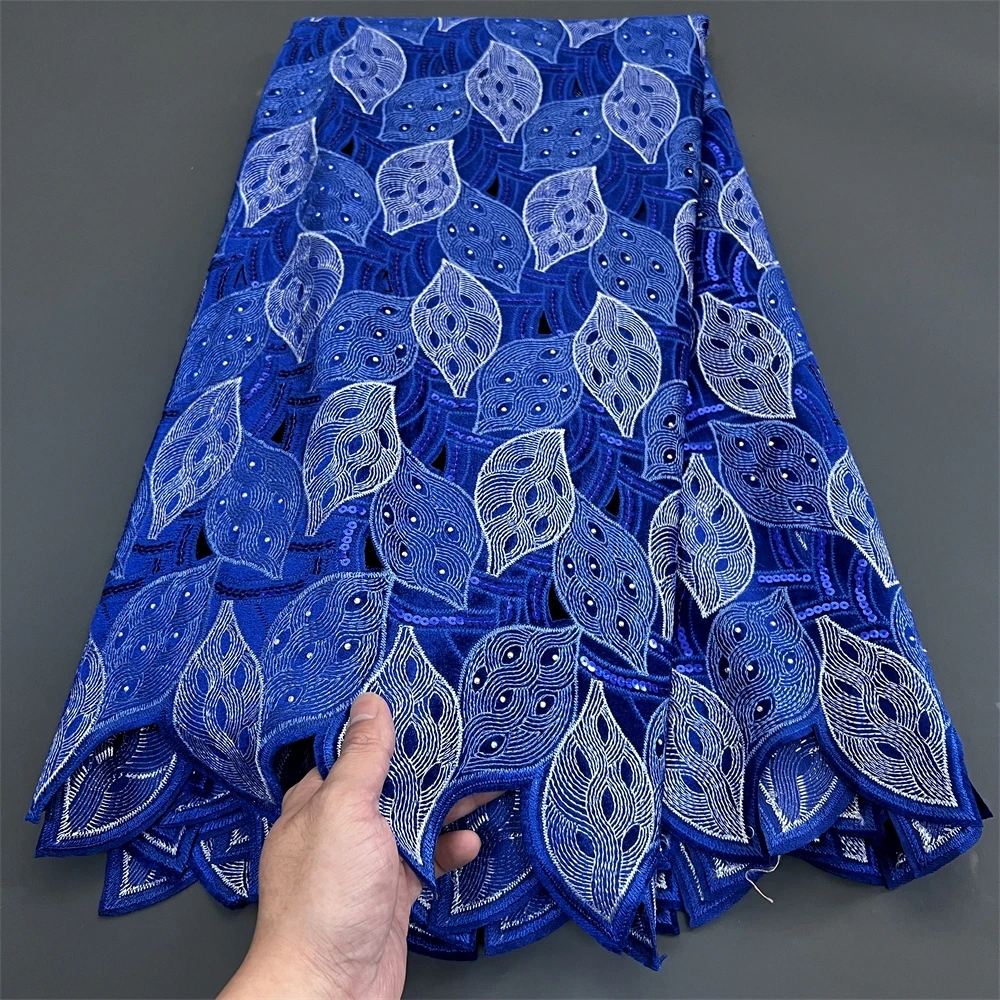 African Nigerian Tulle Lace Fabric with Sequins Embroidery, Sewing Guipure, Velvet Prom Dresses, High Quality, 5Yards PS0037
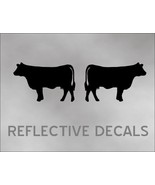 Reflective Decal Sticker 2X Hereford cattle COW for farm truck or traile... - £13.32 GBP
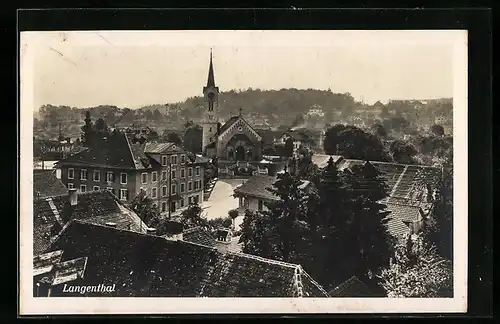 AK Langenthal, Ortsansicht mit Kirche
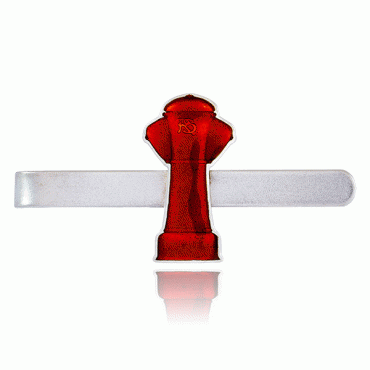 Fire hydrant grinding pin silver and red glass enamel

REQUIRED WORK: Restate the material word for word from its first line through the line containing "AK Langenthal, Ortsansicht mit Kirche", both included; the pictures do not belong in it.

WRITTEN SOLUTION:
 African Nigerian Tulle Lace Fabric with Sequins Embroidery, Sewing Guipure, Velvet Prom Dresses, High Quality, 5Yards PS0037
 Reflective Decal Sticker 2X Hereford cattle COW for farm truck or traile... - £13.32 GBP
 AK Langenthal, Ortsansicht mit Kirche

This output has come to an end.